Vaginitis, vaginosis, Gardnerella vaginalis


Various bacteria, such as Gardnerella vaginalis, Prevotella species, Mobiluncus species, and A. vaginae.


Bacterial vaginosis (BV) is a condition that happens when there is too much of a certain bacteria in the vagina, changing the normal balance. It is common in sexually active people. We do not know how sex causes BV, but we do know it most often occurs in those who are sexually active.


Symptoms can include a thin white or gray vaginal discharge; pain, itching, or burning in the vagina; burning with urination; and a strong fish-like odor, especially after sex. There may be no symptoms.


It is diagnosed by testing a sample of vaginal fluid to determine if BV is present.


BV is treated with prescription antibiotic pills or vaginal creams.

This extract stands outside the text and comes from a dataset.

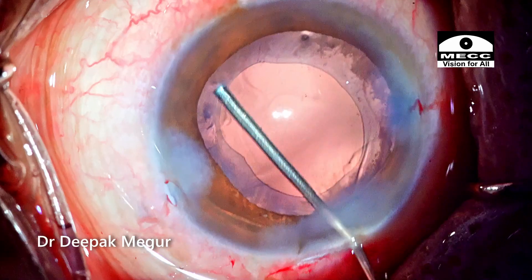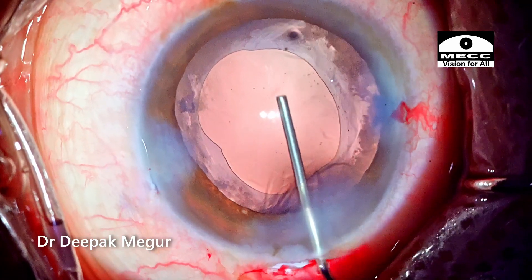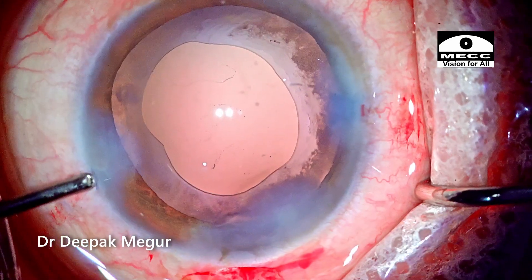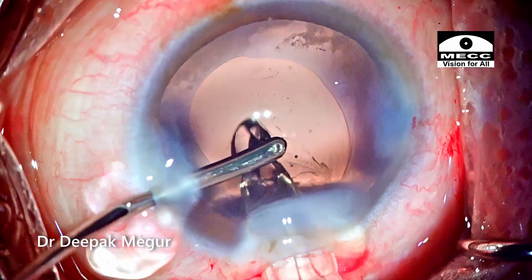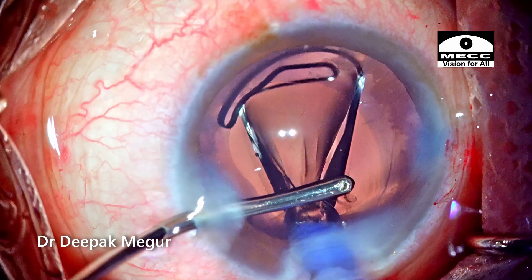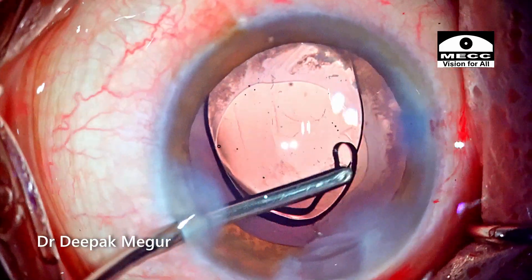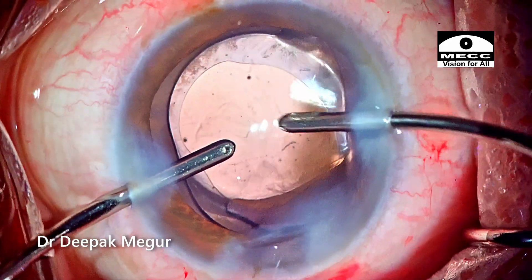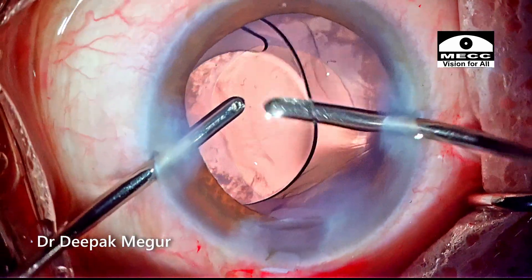A little bit of lens debris sticking onto the capsule is being flushed. Once done, I'm inflating the bag with OVD and a single-piece hydrophobic lens is implanted into the bag. The OVD both in front and behind the lens is then aspirated out.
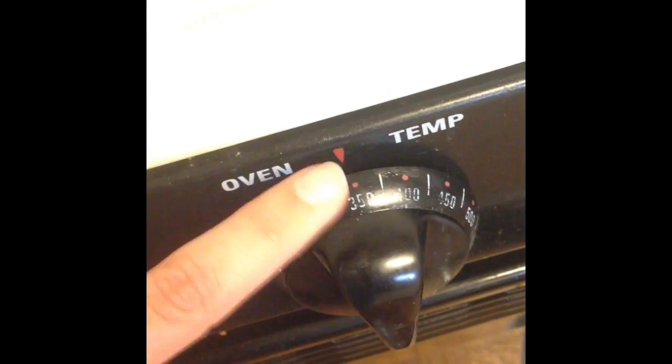Go ahead and set your oven to 350 degrees. From inside my cabinet, let's get baking. The first thing you're going to want to do is get a bowl — a big bowl, because you're putting a lot of stuff in it, so make sure it's big.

You can lower your risk of getting BV by:

  • not having sex,
  • limiting your number of sex partners,
  • not douching, and
  • using condoms every time you have sex.

Do not use nonprescription products such as yeast medicine. Treating a sex partner has not been shown to prevent a recurrence of BV.


BV during pregnancy can cause premature birth and low birth weight.

BV can increase your chances of getting human immunodeficiency virus and other sexually transmitted diseases.